**INPUT FOR THIS TASK**
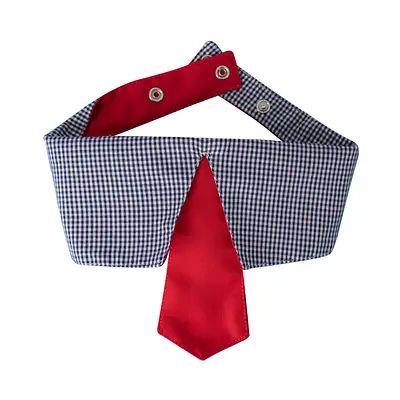 Gravata Modernpet Azul Royal para Cães - Estampas Sortidas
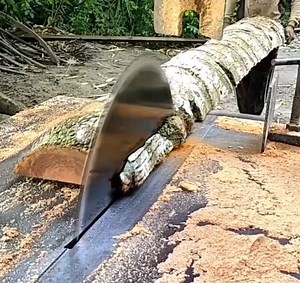 346K views · 835 reactions | Amazing skill cutting wood by team work | Making Video | Facebook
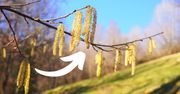 Te kwiaty mają magiczną moc! Zbierz je i wykorzystaj na wiele sposobów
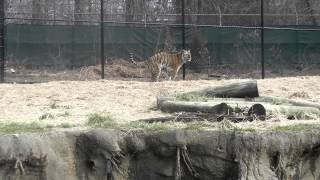Tiger Goes Potty LOL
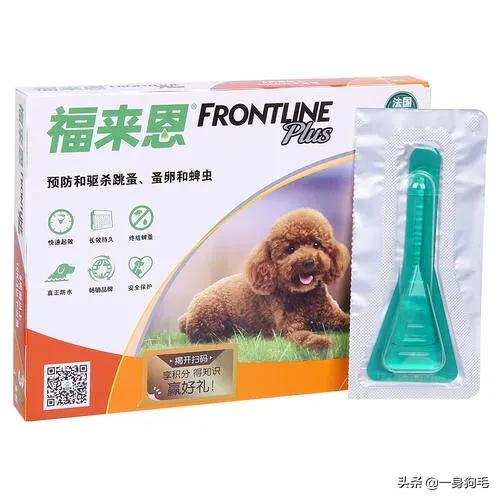 福来恩:大宠爱使用不当会导致猫脱毛吗？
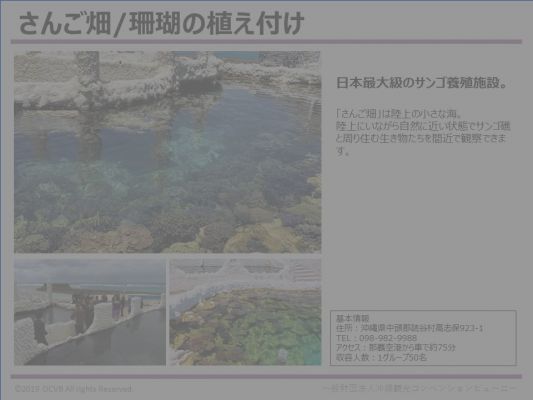 さんご畑/珊瑚の植え付け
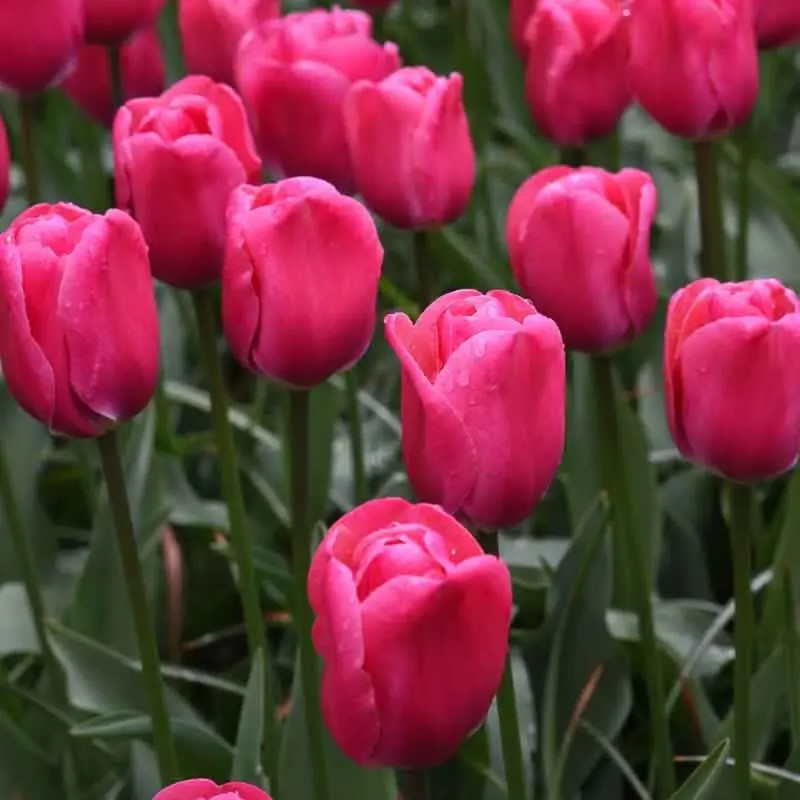 Tulipe Triomphe 'Carola' - Tulipa | Achat direct au producteur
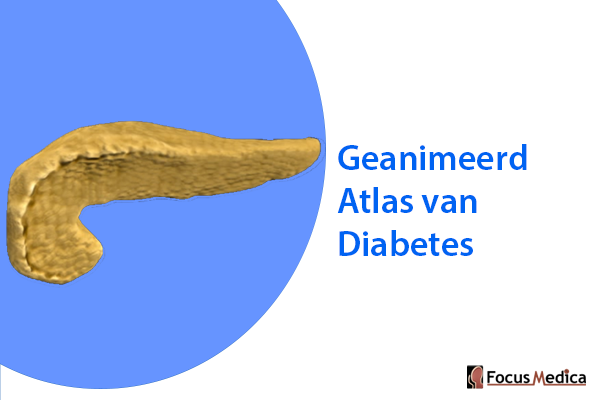 Geanimeerde Atlas van Diabetes cover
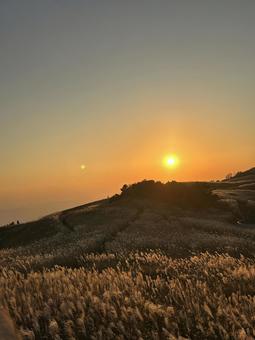 ススキとともに ススキ,夕日,秋晴れの写真素材
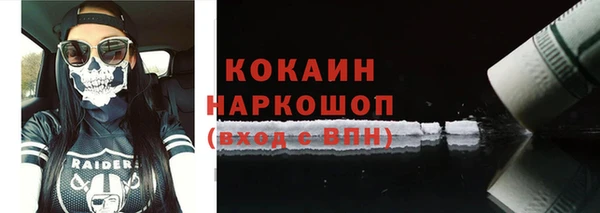 гашик Сясьстрой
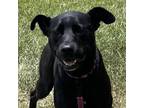 Adopt Luna a Black Labrador Retriever, Great Dane
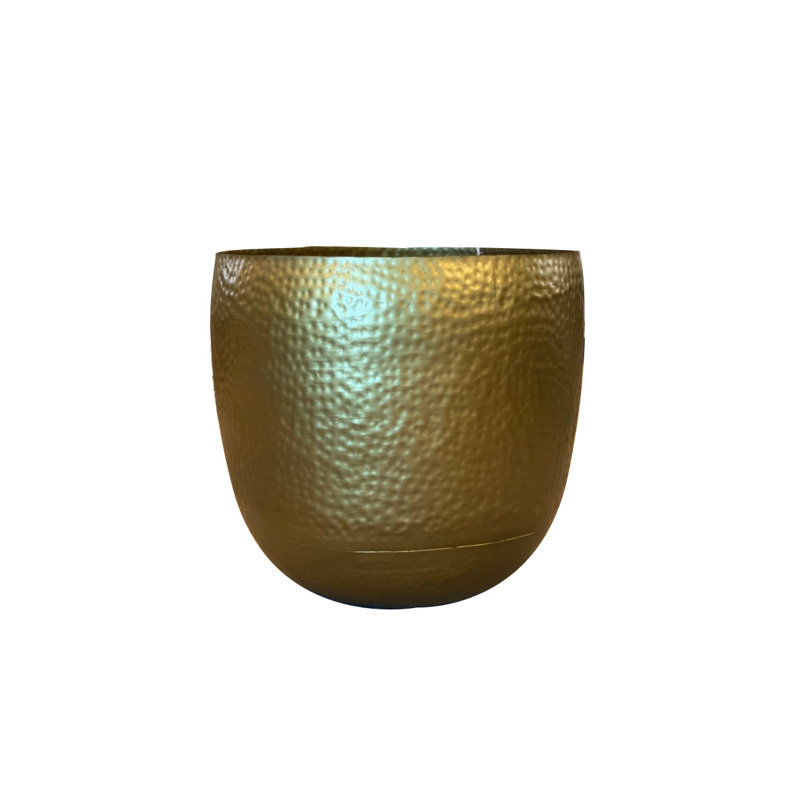Lesedi Steel Log Carrier
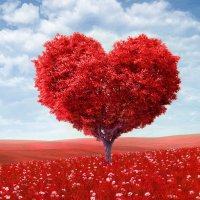 Красивые открытки ко Дню Святого Валентина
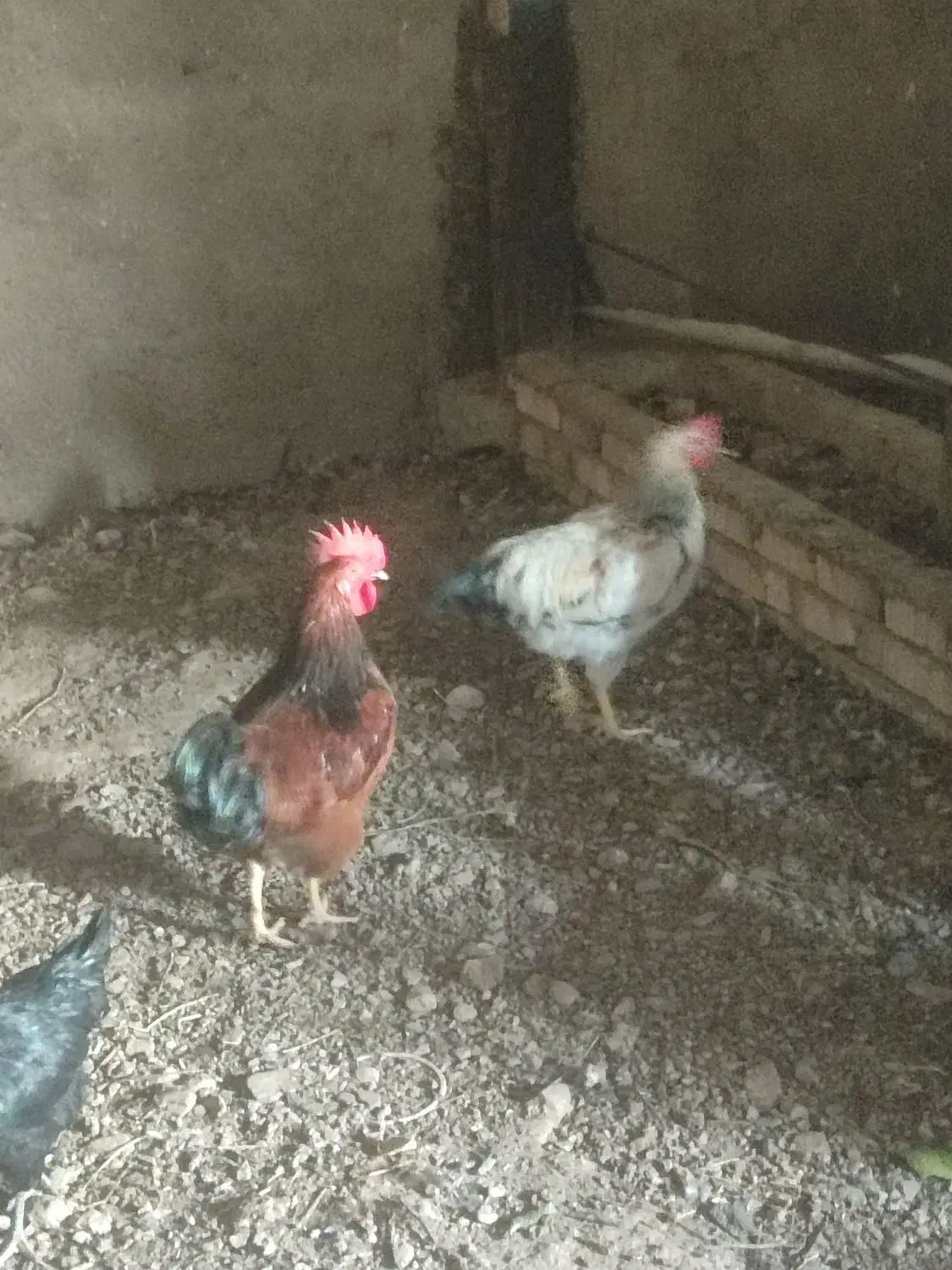 خروس محلی|حیوانات مزرعه|رشتخوار, |دیوار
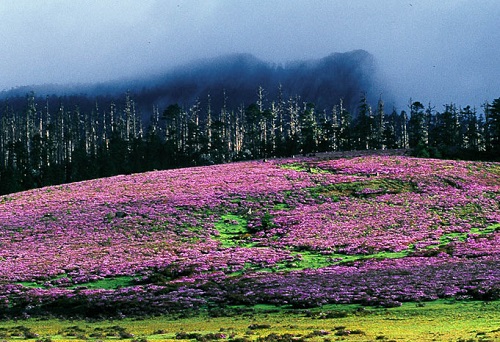 Bigu Lake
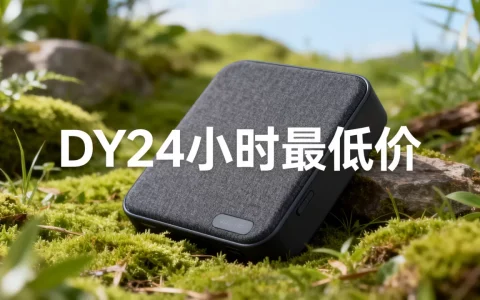 DY24小时最低价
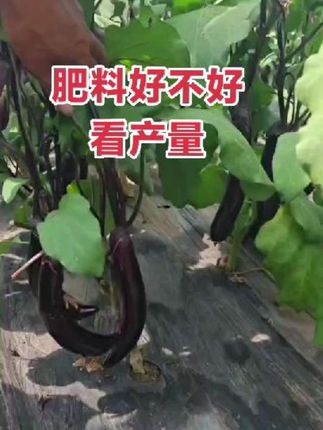 #热点 农户别再上当受骗了 其实不扎深根 没产量 品质差 黄叶 早衰 一瓶蚯蚓酶原粉就够了#农业种植 #三农种植 #种植技术 #土壤板结的改良方法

**YOUR GOAL**
First drop every picture, then print the data above exactly as it stands.

**TASK RESULT**
 Gravata Modernpet Azul Royal para Cães - Estampas Sortidas
 346K views · 835 reactions | Amazing skill cutting wood by team work | Making Video | Facebook
 Te kwiaty mają magiczną moc! Zbierz je i wykorzystaj na wiele sposobów
Tiger Goes Potty LOL
 福来恩:大宠爱使用不当会导致猫脱毛吗？
 さんご畑/珊瑚の植え付け
 Tulipe Triomphe 'Carola' - Tulipa | Achat direct au producteur
 Geanimeerde Atlas van Diabetes cover
 ススキとともに ススキ,夕日,秋晴れの写真素材
 гашик Сясьстрой
 Adopt Luna a Black Labrador Retriever, Great Dane
Lesedi Steel Log Carrier
 Красивые открытки ко Дню Святого Валентина
 خروس محلی|حیوانات مزرعه|رشتخوار, |دیوار
 Bigu Lake
 DY24小时最低价
 #热点 农户别再上当受骗了 其实不扎深根 没产量 品质差 黄叶 早衰 一瓶蚯蚓酶原粉就够了#农业种植 #三农种植 #种植技术 #土壤板结的改良方法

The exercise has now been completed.